(65b) Simulation of Structural Effects of Monolith Catalyst on Methane Dry Reforming in a Solar Thermochemical Reactor

Zhang, H., Missouri University of Science and Technology
Methane dry reforming (MDR) is a promising progress, as it not only solves the issue of greenhouse gas (CH4, CO2) emissions, but also provides appropriate energy storage products (CO, H2) for individual applications or further Fischer-Tropsch synthesis. The introduction of solar energy into MDR process is an attractive approach to store solar energy to chemical fuels with eliminating the limitations in time and space. Since MDR is an endothermic process, concentrated solar energy can provide essential heat to maintain the process operation.
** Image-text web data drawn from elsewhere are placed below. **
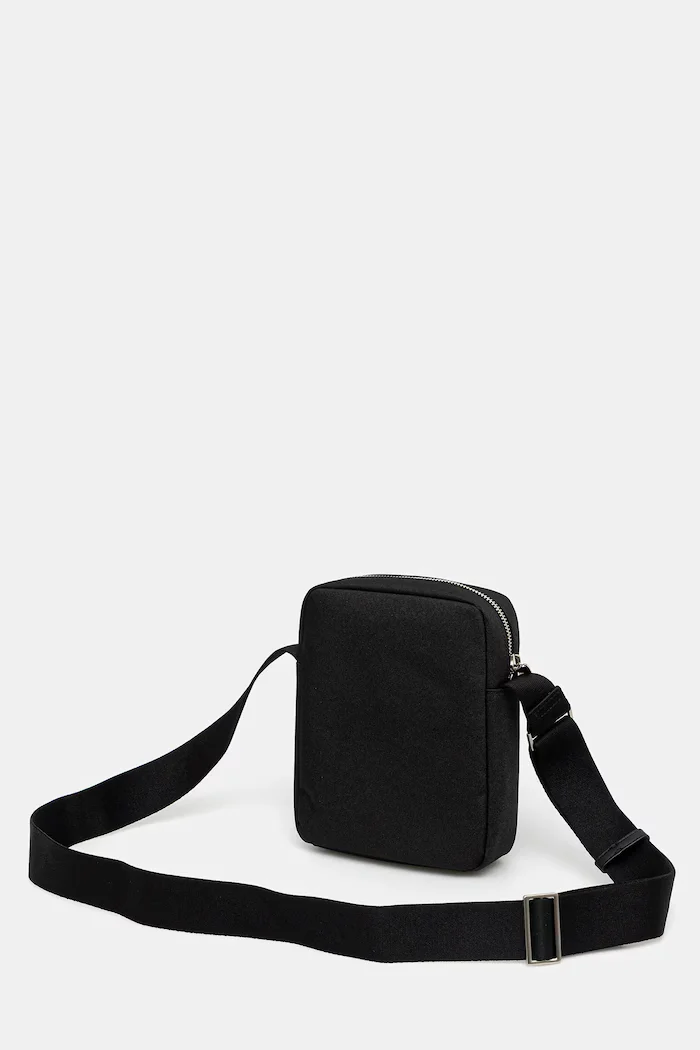 CALVIN KLEIN Чанта през рамо в черно LV04D3175G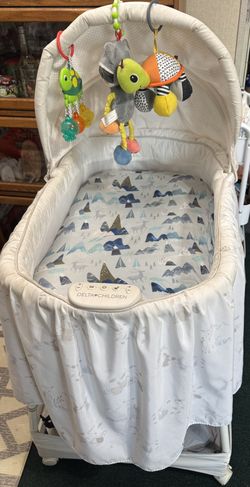 Delta Children Woodland Bassinet 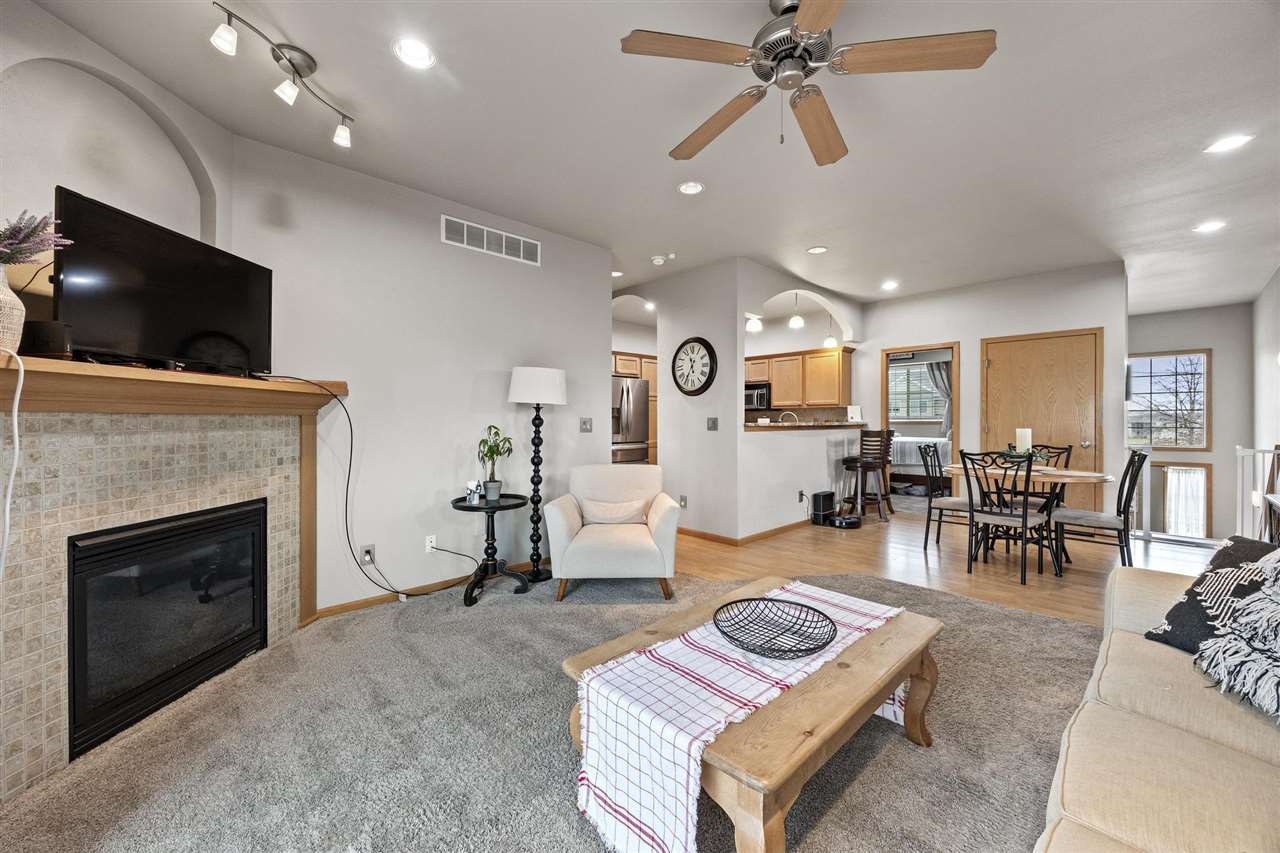 197 South Park Ridge Road North Liberty, IA 52317 - Photo 4 of 27 Gallery Image 4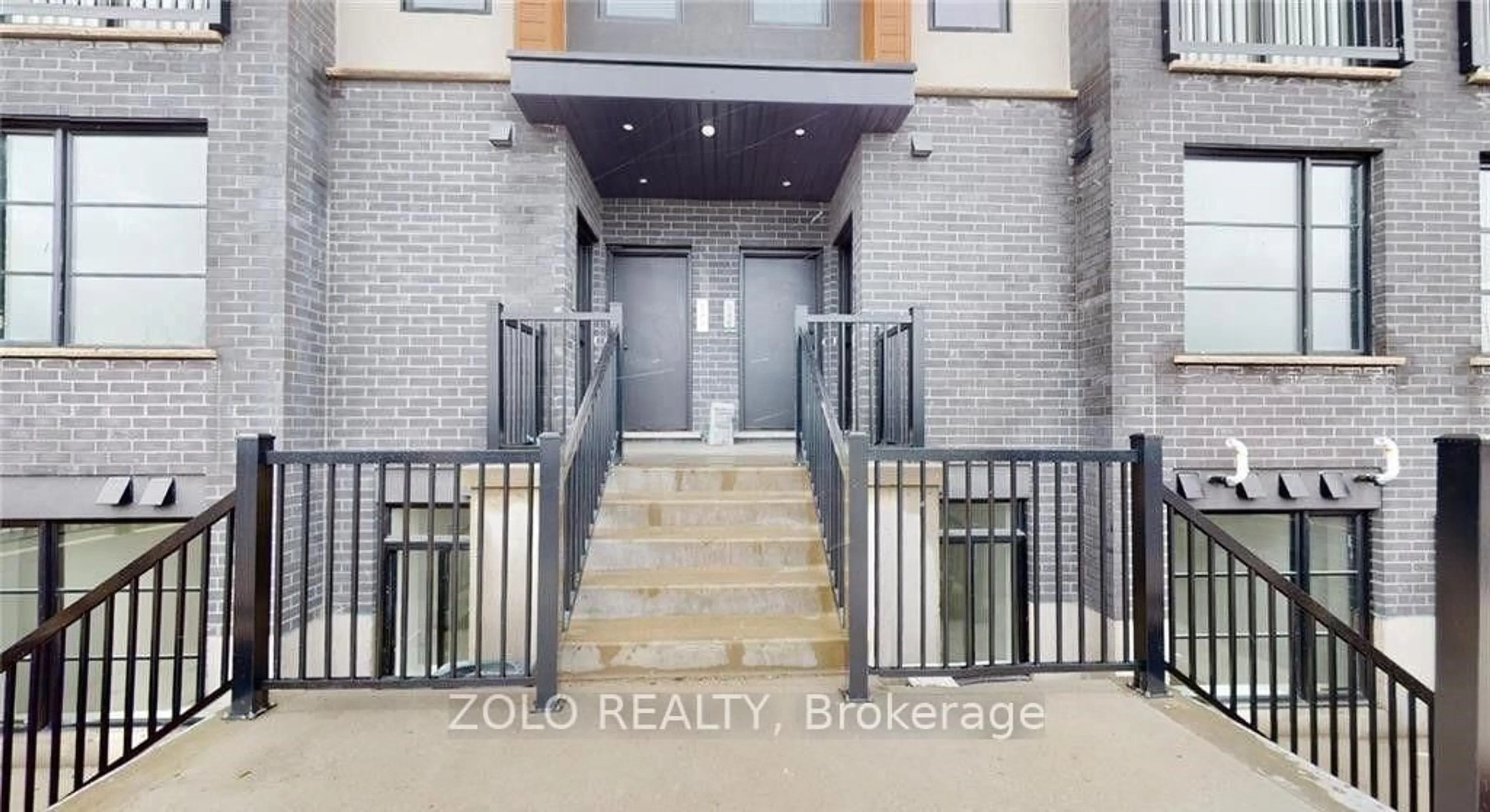 Indoor entryway for 3900 Savoy St #151, London South Ontario N6P 0H9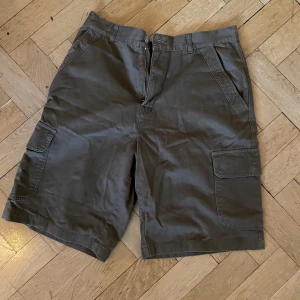 Bruna cargo shorts - Bruna cargo shorts i bra skick. Strl M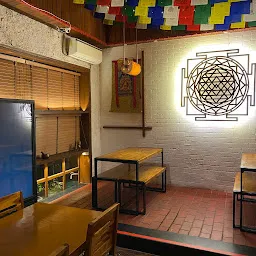 Yeti - The Himalayan Kitchen, Cross Point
Since MDR obeys surface chemistry, the catalyst structures affect the thermal and reactive performances. In this paper, computational fluid dynamic (CFD) numerical analysis is applied to study the effects of lattice structure for the monolith catalyst in a three-dimensional (3D) annular fixed bed sample. Solar radiation is introduced as an energy source boundary condition with considering internal radiation via discrete ordinate method (DOM). A detailed micro-kinetic surface mechanism of Ni based catalyst is applied to simulate the MDR process. The structures of catalysts are further built in the catalyst region of former reported solar partition cavity reactor to investigate the heat, mass transfer performance with energy conversion efficiency in a specific reactor.